Israel and Hamas have agreed an Egyptian- and German-brokered deal to swap more than 1,000 Palestinian prisoners for Shalit, a 25-year-old held captive in Gaza since June 2006.
The swap is expected to take place sometime next week on Egyptian territory at locations somewhere in the Sinai Desert, as yet undisclosed.
Shalit’s parents, Noam and Aviva, have met senior officials at the ICRC headquarters in Geneva over the years.
In June, on the 5th anniversary of his capture by Palestinian militants who tunneled into Israel, the ICRC issued an unusual public appeal calling on Hamas to provide proof that he was still alive and to allow contact with his family, as required under international humanitarian law.
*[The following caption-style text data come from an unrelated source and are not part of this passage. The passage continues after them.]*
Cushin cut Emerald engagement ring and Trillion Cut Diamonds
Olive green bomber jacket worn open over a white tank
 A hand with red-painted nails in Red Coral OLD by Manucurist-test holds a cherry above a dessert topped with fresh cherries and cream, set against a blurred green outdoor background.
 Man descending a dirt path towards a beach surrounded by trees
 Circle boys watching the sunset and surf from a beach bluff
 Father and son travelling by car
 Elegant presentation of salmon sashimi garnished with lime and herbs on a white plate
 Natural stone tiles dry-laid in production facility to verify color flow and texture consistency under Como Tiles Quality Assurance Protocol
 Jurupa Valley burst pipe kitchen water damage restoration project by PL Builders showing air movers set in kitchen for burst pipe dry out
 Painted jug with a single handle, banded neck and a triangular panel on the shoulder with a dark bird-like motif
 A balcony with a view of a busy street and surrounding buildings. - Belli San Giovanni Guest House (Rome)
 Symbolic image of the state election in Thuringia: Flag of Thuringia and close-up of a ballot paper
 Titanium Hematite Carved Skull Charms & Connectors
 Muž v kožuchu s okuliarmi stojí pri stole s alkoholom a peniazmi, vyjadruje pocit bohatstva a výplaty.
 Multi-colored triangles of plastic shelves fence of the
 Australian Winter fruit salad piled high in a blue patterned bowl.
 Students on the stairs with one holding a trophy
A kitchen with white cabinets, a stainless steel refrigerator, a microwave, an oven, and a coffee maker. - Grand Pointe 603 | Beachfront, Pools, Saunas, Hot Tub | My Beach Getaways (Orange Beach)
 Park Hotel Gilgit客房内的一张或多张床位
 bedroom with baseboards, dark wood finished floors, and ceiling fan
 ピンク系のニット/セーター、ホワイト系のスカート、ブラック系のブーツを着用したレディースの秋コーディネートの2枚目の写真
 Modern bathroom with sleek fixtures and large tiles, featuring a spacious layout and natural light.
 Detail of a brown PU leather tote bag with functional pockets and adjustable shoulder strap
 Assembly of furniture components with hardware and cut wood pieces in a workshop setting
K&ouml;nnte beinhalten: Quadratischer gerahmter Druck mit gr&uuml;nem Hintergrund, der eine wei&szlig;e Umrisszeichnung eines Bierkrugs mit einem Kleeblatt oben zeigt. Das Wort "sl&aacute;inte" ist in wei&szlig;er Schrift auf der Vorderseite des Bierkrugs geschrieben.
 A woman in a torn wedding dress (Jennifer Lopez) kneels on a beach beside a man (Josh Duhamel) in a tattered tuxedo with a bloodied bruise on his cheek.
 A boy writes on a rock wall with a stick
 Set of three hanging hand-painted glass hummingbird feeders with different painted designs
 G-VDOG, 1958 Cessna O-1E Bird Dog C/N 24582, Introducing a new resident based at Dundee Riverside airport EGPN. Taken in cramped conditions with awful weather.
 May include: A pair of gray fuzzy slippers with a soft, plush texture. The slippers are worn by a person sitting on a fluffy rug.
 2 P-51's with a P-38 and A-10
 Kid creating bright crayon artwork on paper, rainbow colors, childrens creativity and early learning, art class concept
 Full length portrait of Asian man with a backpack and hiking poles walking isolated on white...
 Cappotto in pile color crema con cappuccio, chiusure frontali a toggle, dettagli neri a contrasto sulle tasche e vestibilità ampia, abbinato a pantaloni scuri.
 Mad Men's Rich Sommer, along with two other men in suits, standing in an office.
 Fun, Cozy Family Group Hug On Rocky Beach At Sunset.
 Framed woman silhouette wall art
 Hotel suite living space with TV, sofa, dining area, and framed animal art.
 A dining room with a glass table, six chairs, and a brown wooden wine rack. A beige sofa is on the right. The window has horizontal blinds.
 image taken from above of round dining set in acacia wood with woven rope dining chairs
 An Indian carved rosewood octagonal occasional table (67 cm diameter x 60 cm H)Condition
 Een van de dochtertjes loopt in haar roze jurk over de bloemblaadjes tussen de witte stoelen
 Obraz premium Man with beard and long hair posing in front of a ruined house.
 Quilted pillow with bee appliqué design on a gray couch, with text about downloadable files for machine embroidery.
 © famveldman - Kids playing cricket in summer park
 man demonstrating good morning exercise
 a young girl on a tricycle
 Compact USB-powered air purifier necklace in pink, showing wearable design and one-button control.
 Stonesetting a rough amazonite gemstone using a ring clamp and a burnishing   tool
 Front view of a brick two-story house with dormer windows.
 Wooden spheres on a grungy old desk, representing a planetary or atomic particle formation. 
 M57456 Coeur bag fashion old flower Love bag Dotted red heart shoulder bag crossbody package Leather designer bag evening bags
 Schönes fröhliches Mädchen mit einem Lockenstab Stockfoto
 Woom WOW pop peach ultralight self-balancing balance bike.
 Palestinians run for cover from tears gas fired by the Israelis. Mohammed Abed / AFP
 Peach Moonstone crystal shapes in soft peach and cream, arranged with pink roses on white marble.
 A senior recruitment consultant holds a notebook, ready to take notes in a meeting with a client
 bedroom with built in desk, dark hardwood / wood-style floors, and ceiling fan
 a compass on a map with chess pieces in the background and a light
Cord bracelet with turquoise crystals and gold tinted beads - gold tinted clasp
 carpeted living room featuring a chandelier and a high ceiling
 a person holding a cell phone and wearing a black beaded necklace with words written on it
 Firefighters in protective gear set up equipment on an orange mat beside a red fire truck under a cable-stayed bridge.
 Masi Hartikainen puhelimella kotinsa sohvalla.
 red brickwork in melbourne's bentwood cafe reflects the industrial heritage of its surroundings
“The ICRC welcomes that the ordeal of the family of Gilad Shalit will end and Gilad Shalit will soon see his family again,” Izard said. “The ICRC also welcomes the reunion of the released Palestinian detainees with their families.”
The independent humanitarian agency has helped with previous prisoner exchanges between Hamas Islamists and Israel, transporting detainees to crossing points after privately interviewing them to ensure that they want to return.
In 2009, the ICRC facilitated the return to Gaza and the West Bank of 20 Palestinian women released from Israeli custody.
“We don’t know yet if we will play this role in this particular operation,” Izard said.
“The most important point is private interviews held with detainees to make sure they are sent to a place in accordance with their free will,” he added.